Quem defende os aerogeradores offshore, atribui à força e regularidade dos ventos marinhos um funcionamento com mais continuidade do que em terra, o que poderia gerar até 60% mais energia do que uma turbina eólica terrestre. Porém, para Moema Hofstaetter, “há um vazio de estudos, não sabemos de fato o que pode acontecer”.
A pesquisadora lembra que “há a questão do cabeamento, do campo eletromagnético, das aves e populações marítimas” que precisam ser analisadas antes de se decidir pelas instalações.
Conflito fundiário
Outro problema é a questão das terras das populações tradicionais. “Estamos na luta para garantia do território e evitar que a especulação imobiliária, através da empresa Teixeira Onze, que se diz dona das terras através da posse de um documento de 13 anos, faça a comunidade perder seus vínculos ancestrais, profissionais, afetivos e familiares”, afirma Leonete Roseno, Educadora Popular, que integra o Comitê de Defesa do Território Pesqueiro da Praia de Enxu Queimado.
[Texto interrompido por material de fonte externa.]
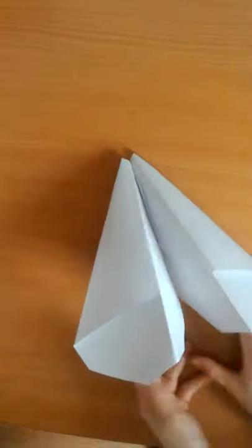And there you are, there is your paper airplane. See you guys next time, don't forget to hit the subscribe button. Bye!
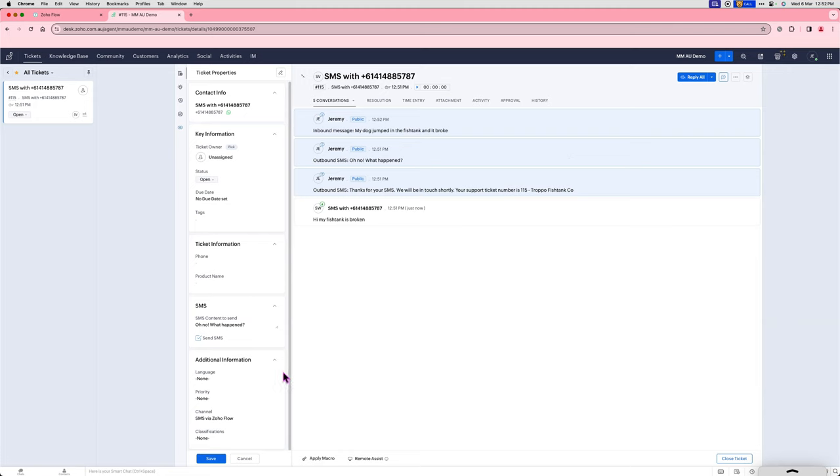There you have it, you can do both manual and automated SMS using Zoho Desk and Zoho Flow.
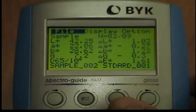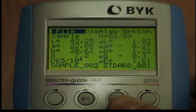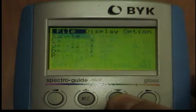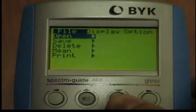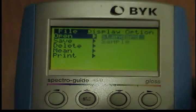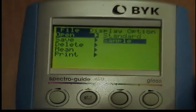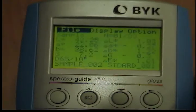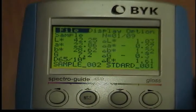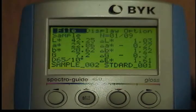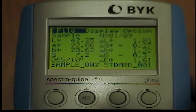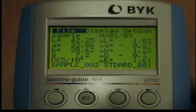The procedure for opening a sample is identical. Instead of Standard, select Sample with the cursor. The rest of the procedure is identical to the selection of the standard. When you press the Operate button, the instrument will return to the previous measuring mode. The selected sample will be displayed at the lower left.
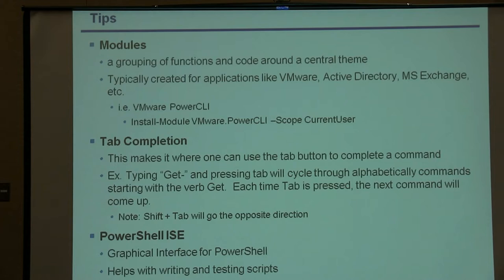Tab completion is your friend as well. You don't have to fully type out every single cmdlet. You can get it started and then start hitting Tab and it'll complete alphabetically from what you've typed. So if you type get- and then start hitting Tab, it'll start with the A's and work its way down. Shift+Tab will go back in the opposite direction.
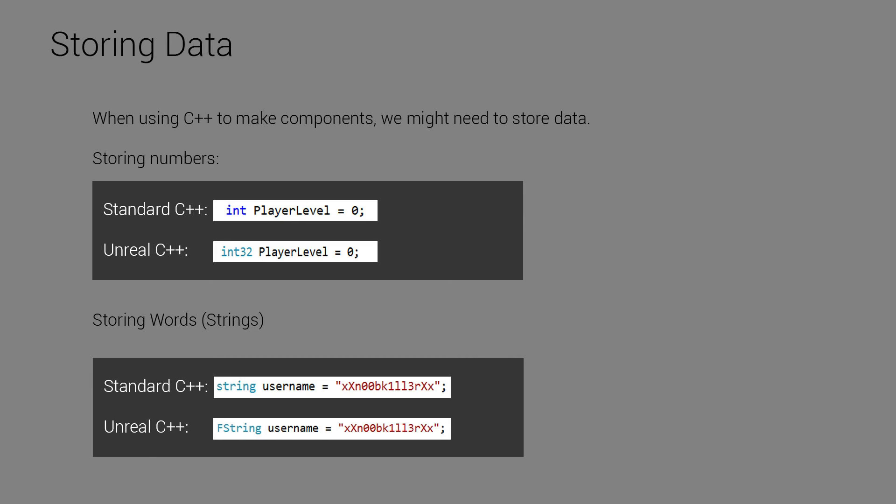So when the Unreal team created int32, they created it with the idea of portability in mind. So the int32 will be very consistent across all machines. And the same goes for fstring.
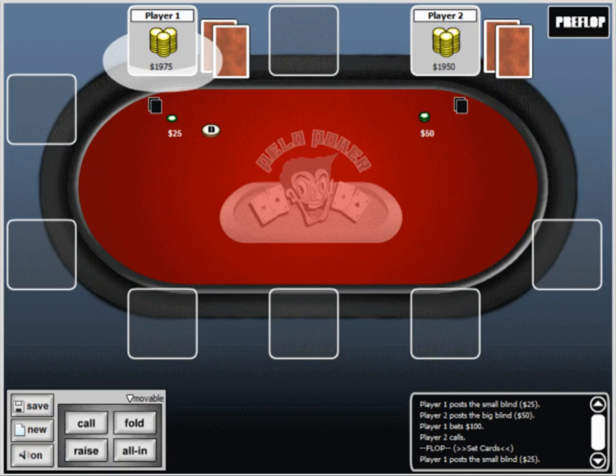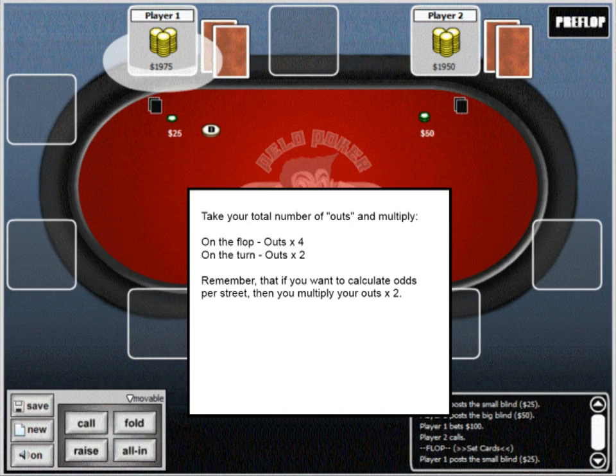Calculating draw odds are the second part of the equation, and they're relatively simple to factor. To figure out draw odds, you take the number of cards that you think will give you the best hand — these are known as your outs. On the flop, you'd take the number of outs you have and multiply them by 4. So if you had 12 outs, you'd have roughly a 48% chance of improving to the best hand, or roughly 2 to 1 odds.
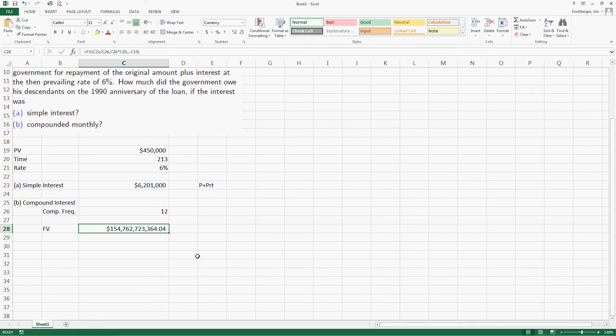Which is the better choice? Well, clearly, the compound interest is the better choice. I think I'd settle. I think they could give me a cool $10 billion and we'd call it square. How about that, Uncle Sam?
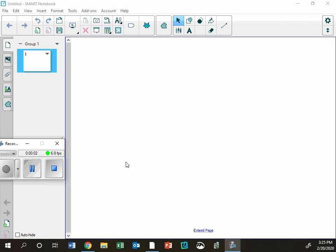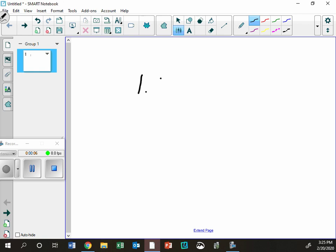Hey there, if you missed honors pre-calc today, the number one thing you missed is that we took a test.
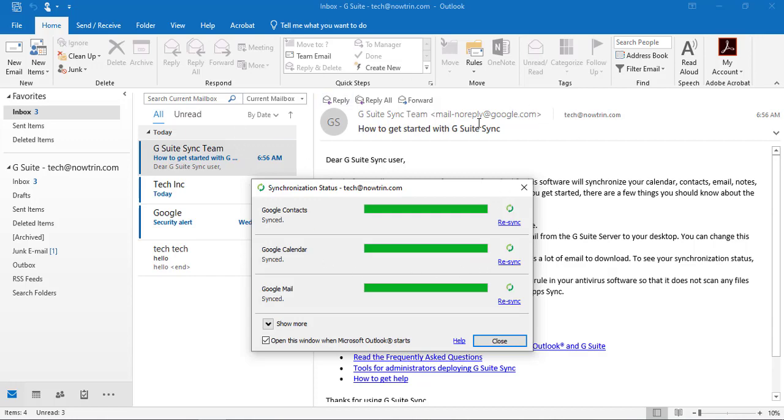And as you can see on top here, it says G Suite for Outlook. Now you can also uncheck this box so it does not pop up all the time when you start Outlook.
Ela vive no local, desde 2011, e é casada com um pescador que está na região há 34 anos.
Depois de uma decisão liminar da primeira instância favorável à empresa, os moradores da comunidade pesqueira conquistaram a suspensão temporária da reintegração de posse. Apesar de reconhecer como uma vitória para a comunidade, Leonete ressalta os desafios para que a comunidade continue mobilizada pela conquista definitiva da permanência na propriedade.